WORK INSTRUCTIONS: Read the listing below and copy out each line where the word "Apartment" occurs.

____________

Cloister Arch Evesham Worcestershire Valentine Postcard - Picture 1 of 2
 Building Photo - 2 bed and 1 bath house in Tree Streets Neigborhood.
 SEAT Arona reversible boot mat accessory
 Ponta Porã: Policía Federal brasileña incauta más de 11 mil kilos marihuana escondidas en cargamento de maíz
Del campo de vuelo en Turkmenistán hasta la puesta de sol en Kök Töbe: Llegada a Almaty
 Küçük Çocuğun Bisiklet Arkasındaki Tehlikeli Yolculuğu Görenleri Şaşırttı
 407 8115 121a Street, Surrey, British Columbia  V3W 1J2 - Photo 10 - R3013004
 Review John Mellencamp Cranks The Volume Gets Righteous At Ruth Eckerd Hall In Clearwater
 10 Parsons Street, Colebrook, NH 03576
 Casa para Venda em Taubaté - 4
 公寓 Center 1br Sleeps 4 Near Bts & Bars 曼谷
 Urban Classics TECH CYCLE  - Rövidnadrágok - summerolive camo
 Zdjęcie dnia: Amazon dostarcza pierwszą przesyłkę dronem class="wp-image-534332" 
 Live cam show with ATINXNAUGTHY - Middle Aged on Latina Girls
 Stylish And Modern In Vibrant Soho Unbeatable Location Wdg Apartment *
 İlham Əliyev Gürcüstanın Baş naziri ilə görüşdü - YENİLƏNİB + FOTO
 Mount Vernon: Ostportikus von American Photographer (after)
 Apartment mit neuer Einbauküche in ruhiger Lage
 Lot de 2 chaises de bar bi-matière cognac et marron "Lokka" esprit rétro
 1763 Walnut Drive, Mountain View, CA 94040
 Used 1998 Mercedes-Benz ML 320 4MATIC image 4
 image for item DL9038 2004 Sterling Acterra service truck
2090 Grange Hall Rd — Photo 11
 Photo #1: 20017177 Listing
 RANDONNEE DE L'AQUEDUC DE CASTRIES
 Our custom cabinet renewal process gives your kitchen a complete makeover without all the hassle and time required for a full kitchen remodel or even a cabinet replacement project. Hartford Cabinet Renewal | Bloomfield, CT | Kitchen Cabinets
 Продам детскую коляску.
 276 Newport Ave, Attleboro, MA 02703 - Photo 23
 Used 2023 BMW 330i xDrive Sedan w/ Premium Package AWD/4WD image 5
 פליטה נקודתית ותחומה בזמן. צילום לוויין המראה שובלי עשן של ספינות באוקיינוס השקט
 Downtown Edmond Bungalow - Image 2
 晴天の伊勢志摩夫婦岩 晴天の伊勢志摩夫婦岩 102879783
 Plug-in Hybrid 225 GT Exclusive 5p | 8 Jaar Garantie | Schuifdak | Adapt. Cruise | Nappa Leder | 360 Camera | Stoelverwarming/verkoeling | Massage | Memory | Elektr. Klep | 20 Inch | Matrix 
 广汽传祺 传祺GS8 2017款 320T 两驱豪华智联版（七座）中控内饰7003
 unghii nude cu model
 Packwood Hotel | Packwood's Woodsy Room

____________

ANSWER SECTION:
 Stylish And Modern In Vibrant Soho Unbeatable Location Wdg Apartment *
 Apartment mit neuer Einbauküche in ruhiger Lage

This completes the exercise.